Segment Open

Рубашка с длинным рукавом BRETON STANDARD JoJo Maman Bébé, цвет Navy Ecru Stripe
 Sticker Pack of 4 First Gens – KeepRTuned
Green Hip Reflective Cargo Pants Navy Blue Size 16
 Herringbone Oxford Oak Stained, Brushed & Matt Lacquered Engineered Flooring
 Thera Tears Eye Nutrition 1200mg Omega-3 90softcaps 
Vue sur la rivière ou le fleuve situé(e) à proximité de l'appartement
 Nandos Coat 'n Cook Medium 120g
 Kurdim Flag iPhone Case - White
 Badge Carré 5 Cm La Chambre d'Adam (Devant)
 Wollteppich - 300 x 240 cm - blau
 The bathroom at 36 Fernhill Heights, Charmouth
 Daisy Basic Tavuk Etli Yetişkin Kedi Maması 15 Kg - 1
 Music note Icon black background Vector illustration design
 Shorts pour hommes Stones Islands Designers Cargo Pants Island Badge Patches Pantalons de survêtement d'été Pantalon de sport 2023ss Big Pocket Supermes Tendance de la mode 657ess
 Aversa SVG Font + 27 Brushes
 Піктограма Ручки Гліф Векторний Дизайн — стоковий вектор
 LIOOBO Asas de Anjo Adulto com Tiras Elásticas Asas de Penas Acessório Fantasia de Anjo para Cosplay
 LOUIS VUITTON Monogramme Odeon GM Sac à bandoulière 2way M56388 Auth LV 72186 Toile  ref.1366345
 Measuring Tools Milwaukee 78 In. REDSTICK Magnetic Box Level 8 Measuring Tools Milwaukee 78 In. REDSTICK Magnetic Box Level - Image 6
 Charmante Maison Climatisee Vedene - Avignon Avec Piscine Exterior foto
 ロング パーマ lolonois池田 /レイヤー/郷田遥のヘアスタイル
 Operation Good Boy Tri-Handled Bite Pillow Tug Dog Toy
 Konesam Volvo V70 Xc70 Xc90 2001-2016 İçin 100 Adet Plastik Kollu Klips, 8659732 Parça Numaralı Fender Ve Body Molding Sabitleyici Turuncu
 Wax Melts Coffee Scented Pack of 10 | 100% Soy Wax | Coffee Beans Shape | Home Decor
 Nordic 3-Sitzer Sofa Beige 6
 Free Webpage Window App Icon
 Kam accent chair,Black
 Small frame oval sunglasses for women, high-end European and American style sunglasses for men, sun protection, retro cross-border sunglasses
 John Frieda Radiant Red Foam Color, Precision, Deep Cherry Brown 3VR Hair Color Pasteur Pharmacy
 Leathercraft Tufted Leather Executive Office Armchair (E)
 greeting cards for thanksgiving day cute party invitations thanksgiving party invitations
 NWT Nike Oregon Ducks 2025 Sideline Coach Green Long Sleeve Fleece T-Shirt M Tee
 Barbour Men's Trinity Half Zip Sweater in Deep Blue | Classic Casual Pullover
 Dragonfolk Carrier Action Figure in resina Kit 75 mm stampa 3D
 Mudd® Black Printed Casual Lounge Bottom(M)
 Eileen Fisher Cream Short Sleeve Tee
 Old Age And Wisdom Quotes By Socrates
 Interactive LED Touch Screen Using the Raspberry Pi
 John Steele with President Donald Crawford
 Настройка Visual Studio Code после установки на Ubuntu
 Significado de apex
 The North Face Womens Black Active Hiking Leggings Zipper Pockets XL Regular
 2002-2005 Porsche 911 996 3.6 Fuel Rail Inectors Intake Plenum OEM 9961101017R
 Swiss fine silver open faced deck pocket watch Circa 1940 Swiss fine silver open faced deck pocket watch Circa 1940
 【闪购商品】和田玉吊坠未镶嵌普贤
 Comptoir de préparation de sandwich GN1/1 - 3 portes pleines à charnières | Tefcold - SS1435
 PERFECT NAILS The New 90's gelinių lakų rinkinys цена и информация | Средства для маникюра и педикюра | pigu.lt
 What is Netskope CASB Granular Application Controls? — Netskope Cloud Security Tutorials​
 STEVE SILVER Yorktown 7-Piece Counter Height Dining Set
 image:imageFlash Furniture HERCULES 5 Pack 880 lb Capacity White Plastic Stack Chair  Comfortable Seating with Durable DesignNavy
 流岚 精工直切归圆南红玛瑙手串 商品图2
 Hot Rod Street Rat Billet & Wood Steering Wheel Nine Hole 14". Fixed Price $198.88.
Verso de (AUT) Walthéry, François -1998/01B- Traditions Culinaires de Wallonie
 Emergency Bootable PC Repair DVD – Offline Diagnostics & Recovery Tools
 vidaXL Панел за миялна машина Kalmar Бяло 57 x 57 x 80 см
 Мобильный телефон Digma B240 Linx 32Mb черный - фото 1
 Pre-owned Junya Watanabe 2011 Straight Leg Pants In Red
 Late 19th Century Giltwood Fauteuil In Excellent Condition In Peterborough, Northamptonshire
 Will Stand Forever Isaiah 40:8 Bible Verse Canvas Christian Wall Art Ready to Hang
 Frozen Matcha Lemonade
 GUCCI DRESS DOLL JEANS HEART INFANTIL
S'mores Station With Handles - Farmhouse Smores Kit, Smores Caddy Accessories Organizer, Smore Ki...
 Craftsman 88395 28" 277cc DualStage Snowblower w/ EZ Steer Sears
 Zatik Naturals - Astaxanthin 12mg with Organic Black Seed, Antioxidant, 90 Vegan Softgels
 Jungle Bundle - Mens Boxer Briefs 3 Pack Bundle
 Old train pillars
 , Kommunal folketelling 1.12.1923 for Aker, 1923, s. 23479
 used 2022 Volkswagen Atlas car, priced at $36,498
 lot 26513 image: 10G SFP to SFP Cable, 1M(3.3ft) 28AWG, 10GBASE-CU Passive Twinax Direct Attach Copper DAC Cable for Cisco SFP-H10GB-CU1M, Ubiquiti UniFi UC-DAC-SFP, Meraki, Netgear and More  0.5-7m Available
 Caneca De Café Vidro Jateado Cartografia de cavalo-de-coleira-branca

Segment Closed

▸ Exercise details: Your task is to transcribe, with no changes, only the lines of the listing above that lie between the line holding "1923, s. 23479" and the line holding "lot 26513 image: 10G", inclusive.

▸ Task output:
 , Kommunal folketelling 1.12.1923 for Aker, 1923, s. 23479
 used 2022 Volkswagen Atlas car, priced at $36,498
 lot 26513 image: 10G SFP to SFP Cable, 1M(3.3ft) 28AWG, 10GBASE-CU Passive Twinax Direct Attach Copper DAC Cable for Cisco SFP-H10GB-CU1M, Ubiquiti UniFi UC-DAC-SFP, Meraki, Netgear and More  0.5-7m Available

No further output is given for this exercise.